→ **What needs to be done**: Skip the pictures and retype exactly the lines from the one holding "AMIAD WATER SYSTEMS EUROPE" through the end of the entries.

→ **Exercise materials**:
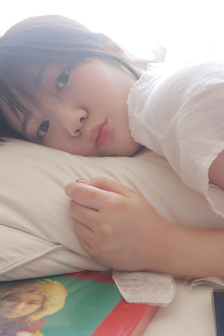 法國真人版《青春期教育》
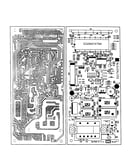 Circuit board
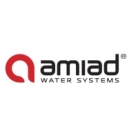 AMIAD WATER SYSTEMS EUROPE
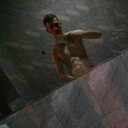 ���������� ����, ���� ����� ����, 24 ����, ������������ ��� ������, ����� � ���������, ���������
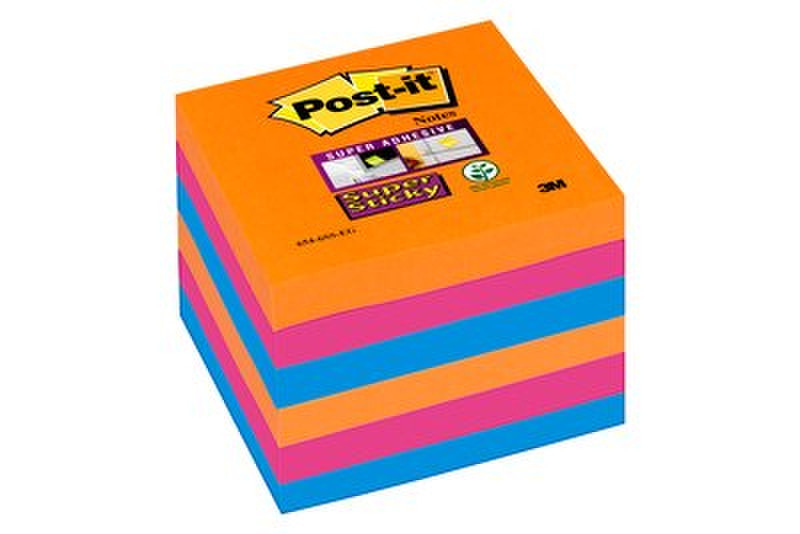 Post-It 654-6SS-EG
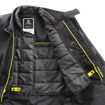 HUSQVARNA - PURSUIT GORE-TEX JACKET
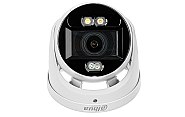 Kamera Eyeball WizSense TiOC 2.0 5MP DH-IPC-HDW3549H-ZAS-PV-27135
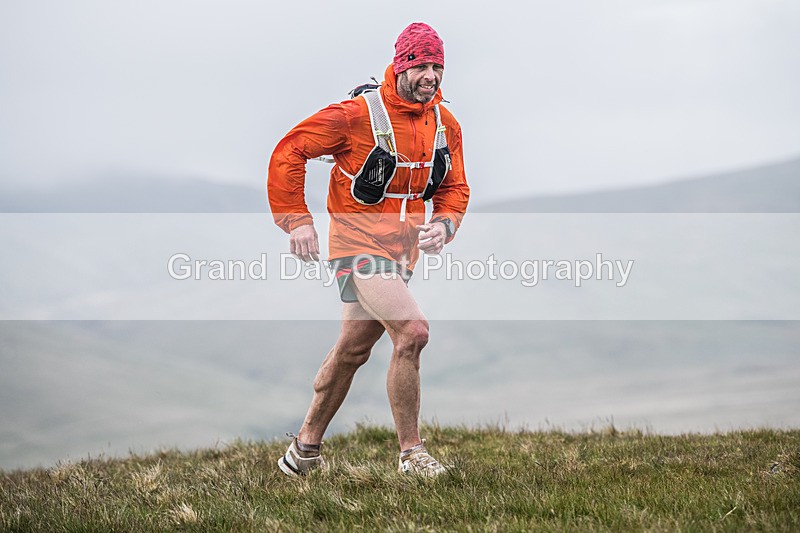 Latterbarrow-299 - Latterbarrow Loop Fell Race Wednesday 20th May 2026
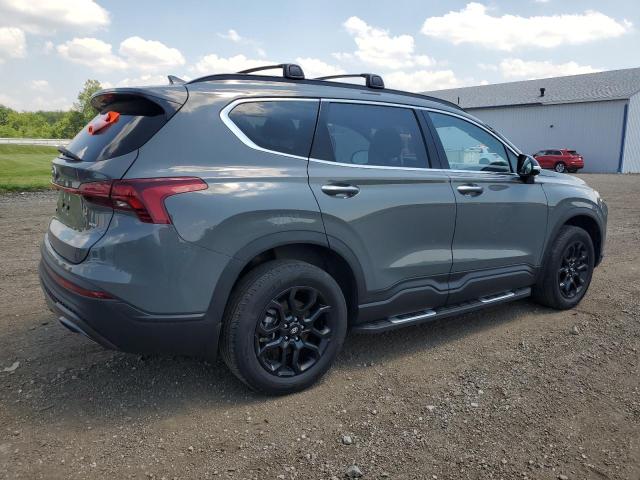 5NMS6DAJ6PH526780 2023 Hyundai Santa Fe Xrt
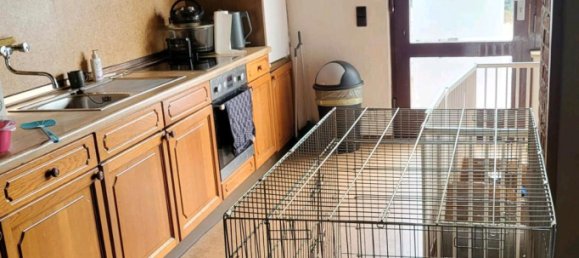 6 chambres Maison à Kleve, Germany No. 324805 20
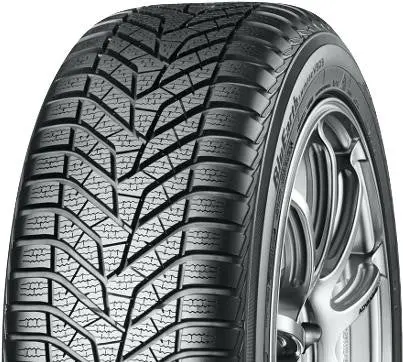 Yokohama V905 Bluearth 245/45R20 1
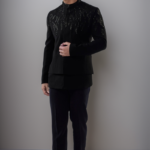 Amaar jodhpuri mens suit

→ **Final answer**:
 AMIAD WATER SYSTEMS EUROPE
 ���������� ����, ���� ����� ����, 24 ����, ������������ ��� ������, ����� � ���������, ���������
 Post-It 654-6SS-EG
 HUSQVARNA - PURSUIT GORE-TEX JACKET
 Kamera Eyeball WizSense TiOC 2.0 5MP DH-IPC-HDW3549H-ZAS-PV-27135
 Latterbarrow-299 - Latterbarrow Loop Fell Race Wednesday 20th May 2026
 5NMS6DAJ6PH526780 2023 Hyundai Santa Fe Xrt
 6 chambres Maison à Kleve, Germany No. 324805 20
 Yokohama V905 Bluearth 245/45R20 1
 Amaar jodhpuri mens suit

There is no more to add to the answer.